HTML & CSS - put <link> tag outside of the <head>
Style sheets are linked in the <head>
so that the browser can style the HTML and render it as it goes. If you put the style information at the bottom of the document the browser will have to restyle and render the whole document from the top again.
This firstly, takes longer, and secondly, looks really ugly.
This differs from included scripts as scripts will block loading until they are done, so you load them as late as possible in the process.
According to the W3 specs, <link>
tags are only supposed to go in the <head>
section:
References
For HTML 4.01: http://www.w3.org/TR/html401/struct/links.html#edef-LINK
For HTML5: http://www.w3.org/TR/html5/document-metadata.html#the-link-element
Validation Issues: Updated October 27, 2017
Back in 2013, if you put a link
tag within the body
of the HTML document, it would not validate using validate.w3.org with rules based on HTML 4.01.
(You can try out HTML 4.01 versus HTML 5.0 validation at https://validator.nu)
On a first reading, the HTML 5.0 specification document seems to imply that link
's should appear only in the head
element of the document. However, if you validate using a HTML 5.0 validator, then the documents appears okay even if you have a link
in the flow content.
The best explanation for this discrepancy may be as follows.

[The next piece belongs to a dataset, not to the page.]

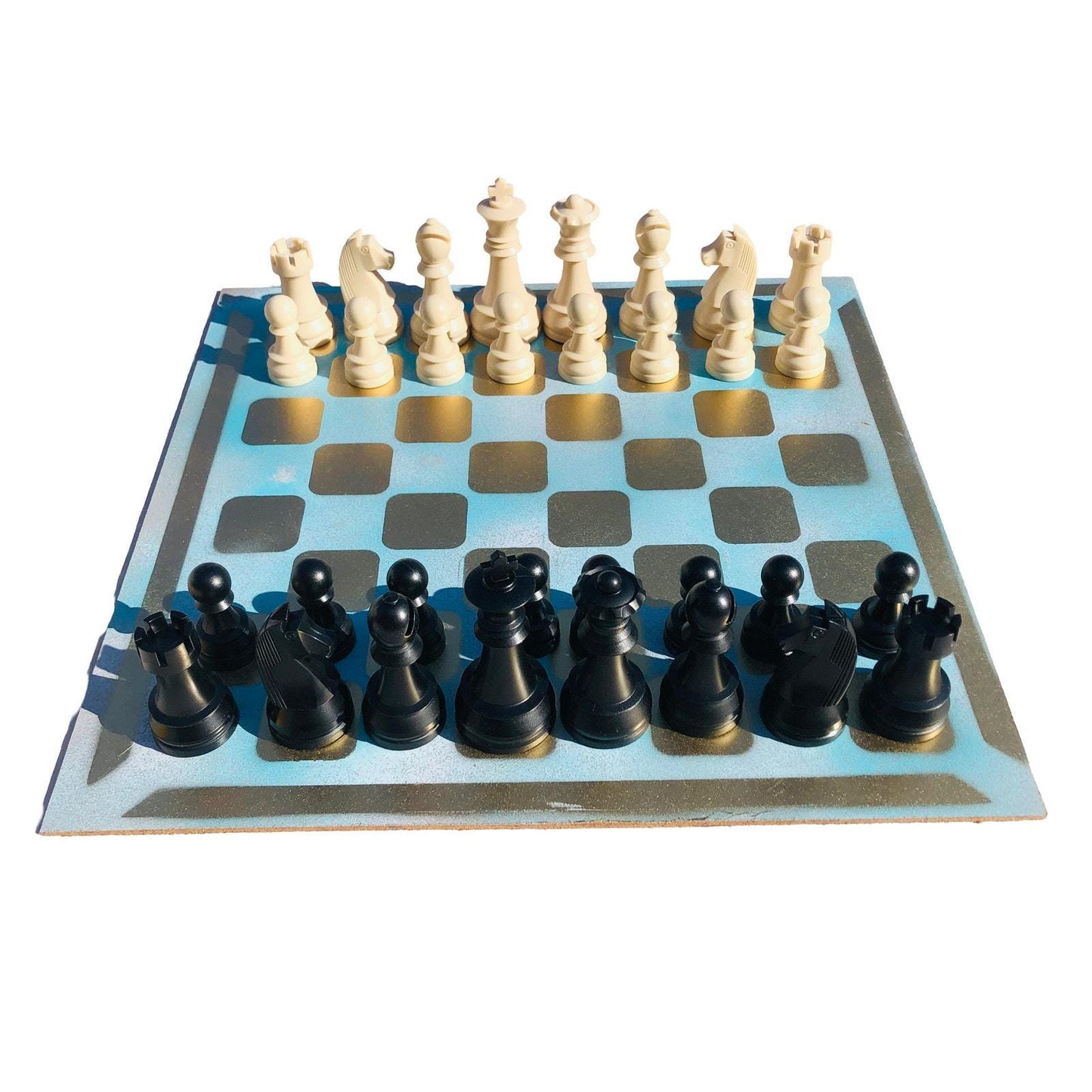 Large Chess Set - Golden Blue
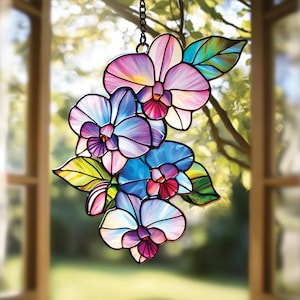 Orchidée attrape-soleil, faux vitrail suspendu, cadeau parfait pour les amateurs d'orchidées pour le jardin, la cuisine ou la fête des mères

If you read the MDN documentation for the link
entry (MDN Link entry), you see that if the link
element has an itemprop
attribute, then the link
can appear in flow and phrasing content, thus, in the body
.
This may be the reason why HTML 5.0 validators do not issue a warning even if the itemprop
attribute is not present.
The itemprop
is part of the microdata specification and is relatively new (read about HTML Microdata) and it is worth reading.
For the moment, one could add a link
to a stylesheet within the body
, but it is not clear what the advantages are.